▶ [Assignment]: With the pictures excluded, repeat every entry exactly.

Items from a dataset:

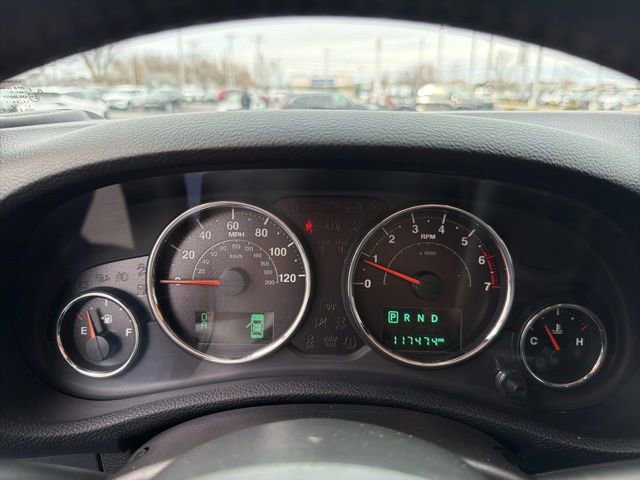 Used 2017 Jeep Wrangler Unlimited Sahara w/ Connectivity Group image 12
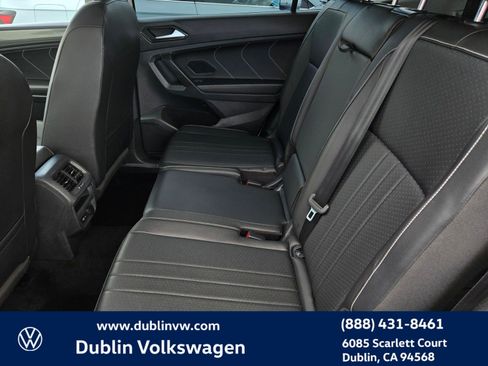 Certified 2023 Volkswagen Tiguan SE w/ Panoramic Sunroof Package image 12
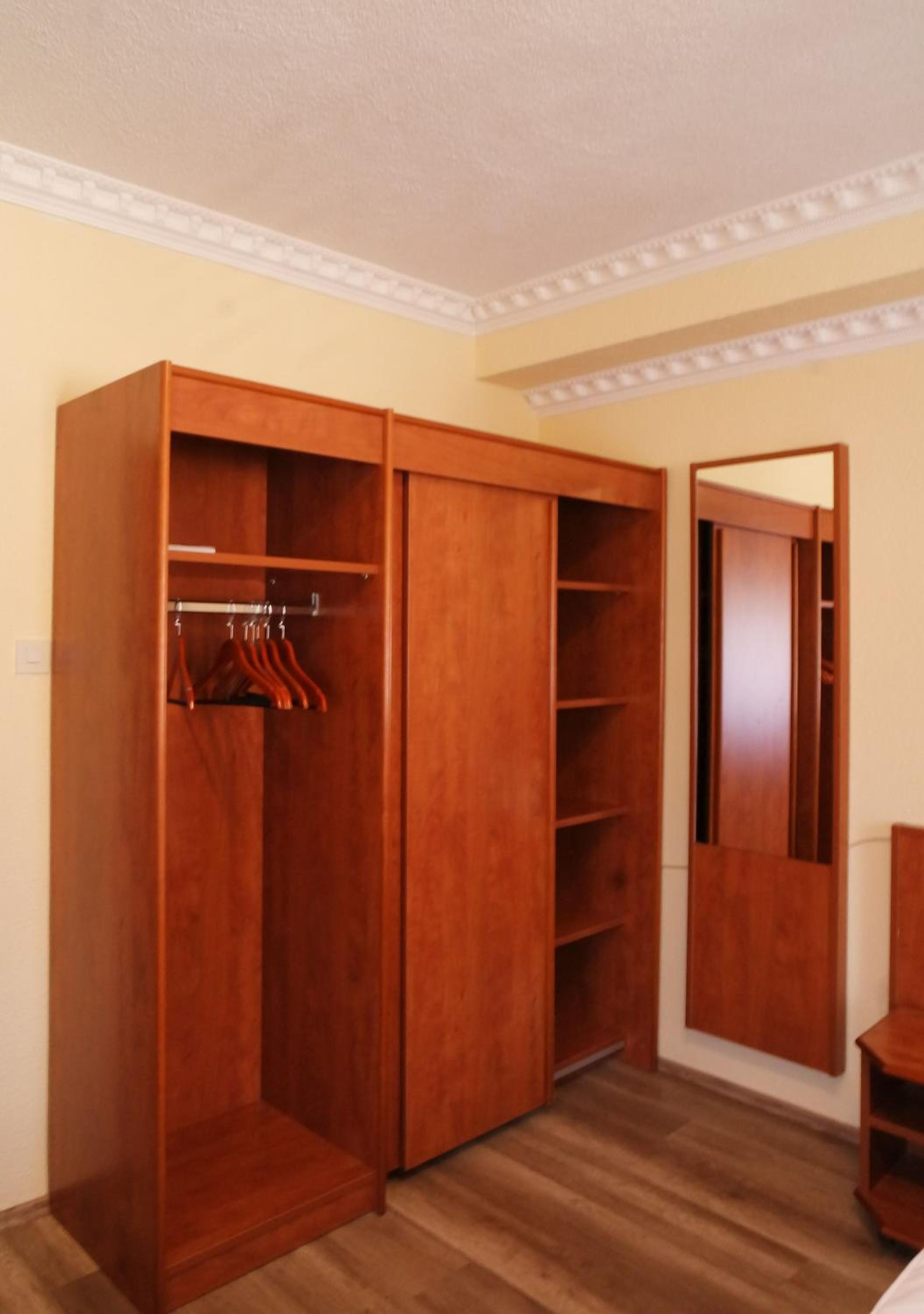Single Room with Bathroom photo 2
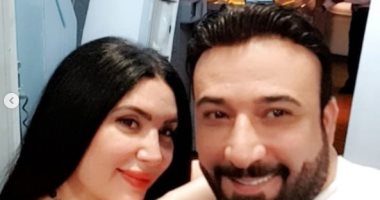 "الرجل الحقيقى يكون بجانبك فى كل لحظة".. رسالة رومانسية من عبير صبرى لزوجها    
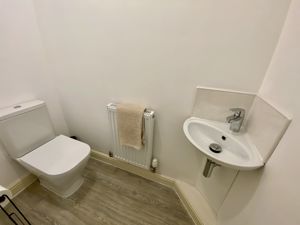 Guest WC- click for photo gallery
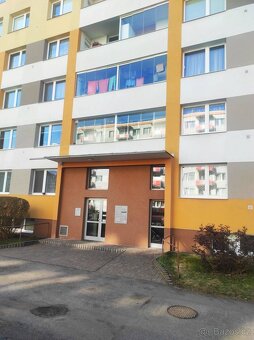 BYT 4+1 72M2 DVŮR KRÁLOVÉ NAD LABEM - 4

▶ [Written answer]:
 Used 2017 Jeep Wrangler Unlimited Sahara w/ Connectivity Group image 12
 Certified 2023 Volkswagen Tiguan SE w/ Panoramic Sunroof Package image 12
Single Room with Bathroom photo 2
 "الرجل الحقيقى يكون بجانبك فى كل لحظة".. رسالة رومانسية من عبير صبرى لزوجها    
 Guest WC- click for photo gallery
 BYT 4+1 72M2 DVŮR KRÁLOVÉ NAD LABEM - 4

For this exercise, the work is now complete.